Time series for multiple stations - fill missing hours with NA?

jh-206 commented 8 months ago

When collecting data for multiple stations, I often get time series of different lengths. It seems that hours with missing data are just removed from the returned dataframe. This makes it incredibly difficult to line up observations in time for multiple spatial locations.

Is there an existing way to handle this in stations_timeseries? My desired behavior would be to return NaN for hours with missing data, and the timestamp would still correspond to a row of the dataframe.

Reproducible example:

params = dict(
    stid=["RFRC2", "JNSC2"],
    vars=["fuel_moisture"],
    start=datetime(2023, 6, 1),
    end=datetime(2023, 6, 30),
)

a = stations_timeseries(**params)

a[0].shape[0] # 693 observations
a[1].shape[0] # 696 observations

blaylockbk commented 8 months ago

SynopticPy will return just the data it gets from the Synoptic API. I purposely don't do any data manipulation and leave it to the use to decide what to do with what's returned.

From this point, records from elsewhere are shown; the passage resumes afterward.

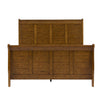 Grandpas Cabin Queen Sleigh Bed, Dresser & Mirror, Chest
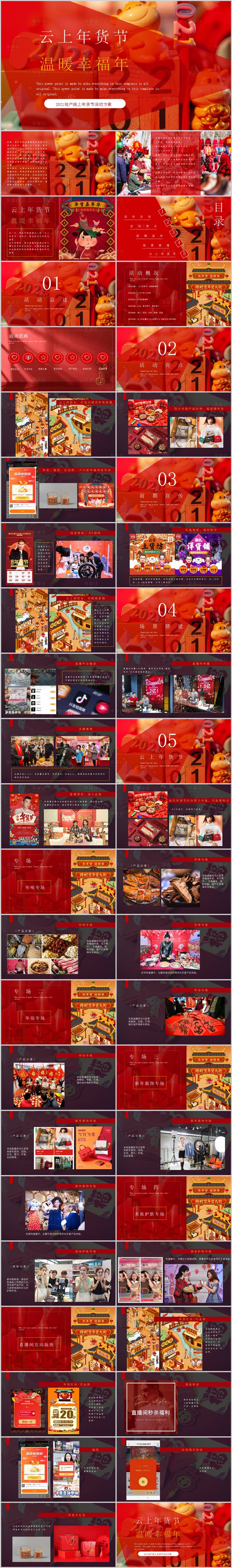 源文件下载【地产线上云上年货节活动方案】编号：69810013782532743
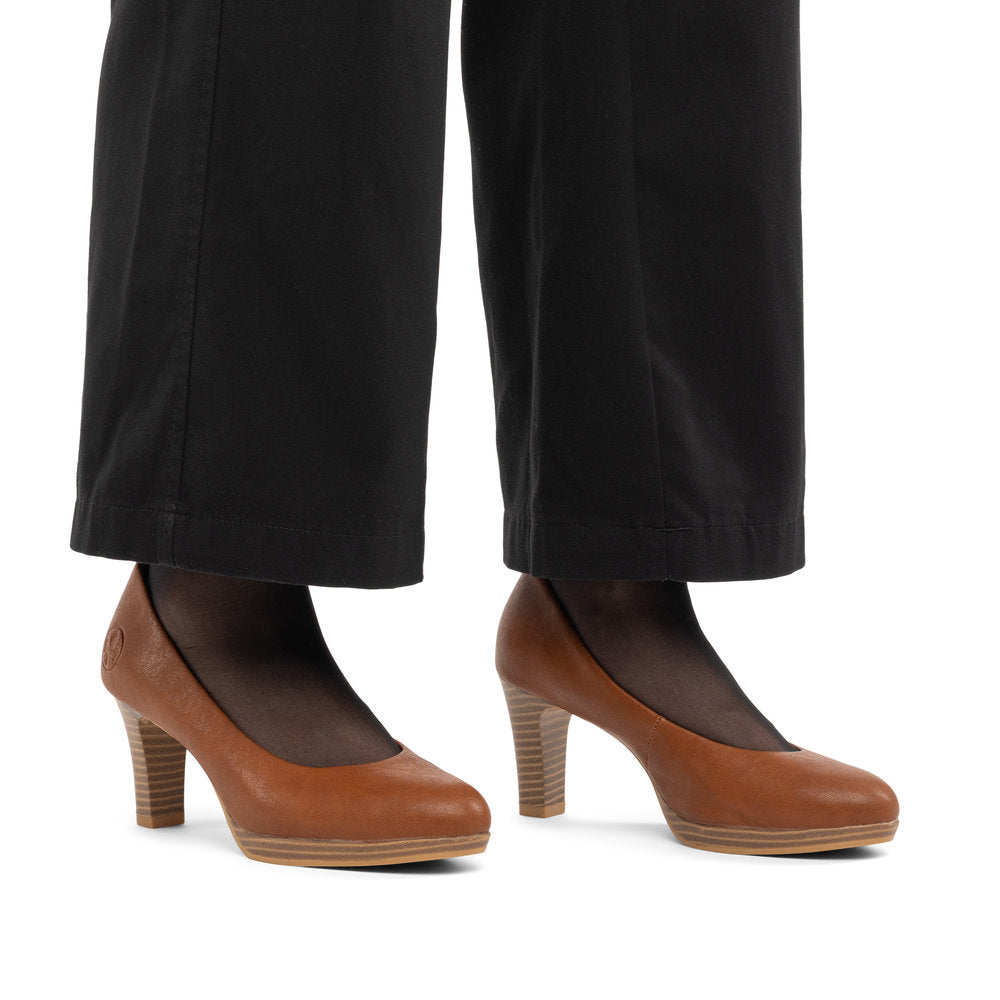 Pantofi Dama Piele Naturala Rieker RIEK 41560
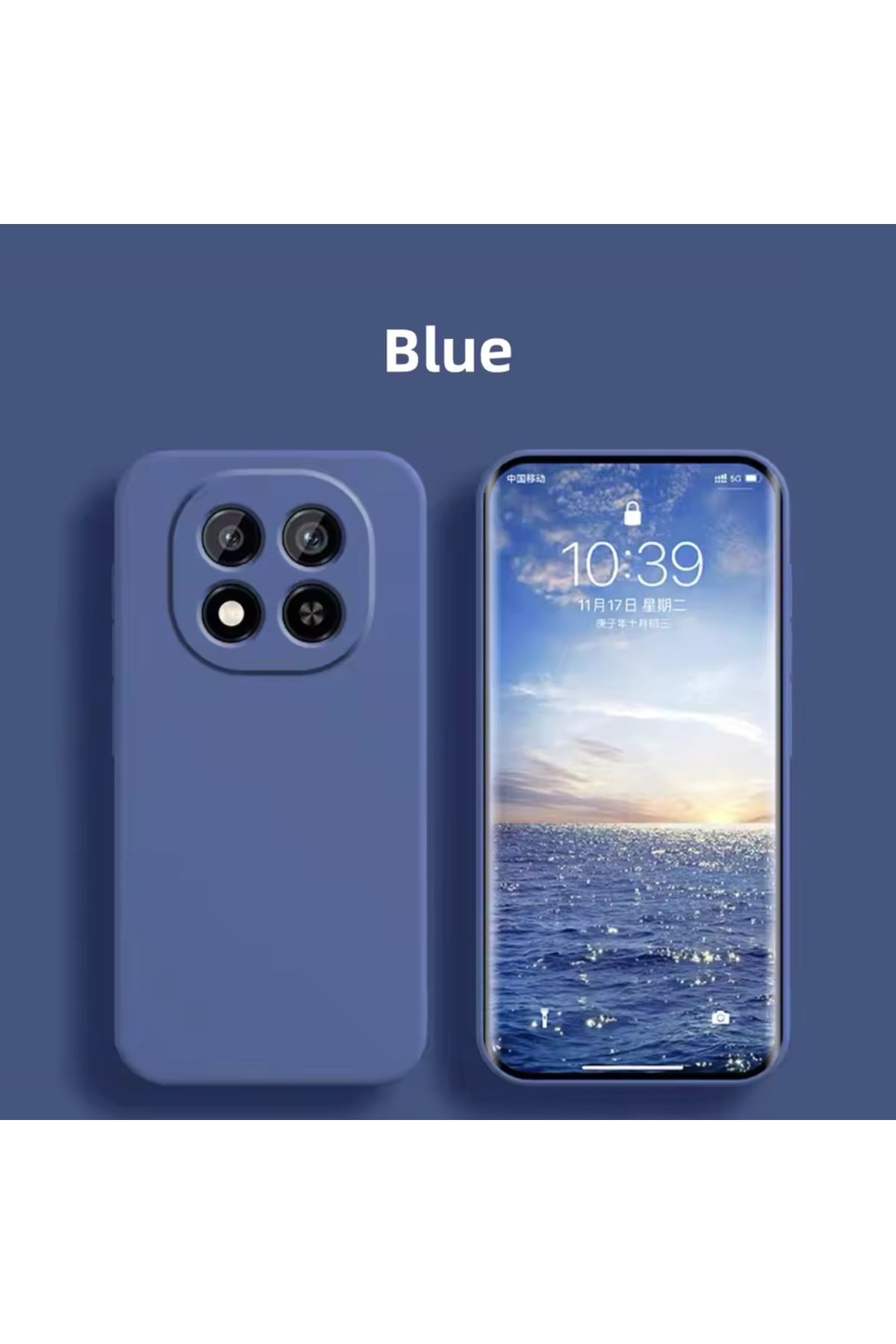 Kupa Xiaomi Poco X7 Kılıf Kamera Korumalı Içi Kadife Lansman Leke Tutmaz Silikon Kapak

I think what you want to do is apply df.asfreq() to each of the returned dataframes. https://pandas.pydata.org/docs/reference/api/pandas.DataFrame.asfreq.html

blaylockbk commented 8 months ago

Alternatively, you can do a merge or join to get each dataframe to have the same indexes (I don't know the syntax off the top of my head, but I have used this approach before).

jh-206 commented 8 months ago

Right that makes sense if that's how Synoptic returns the data.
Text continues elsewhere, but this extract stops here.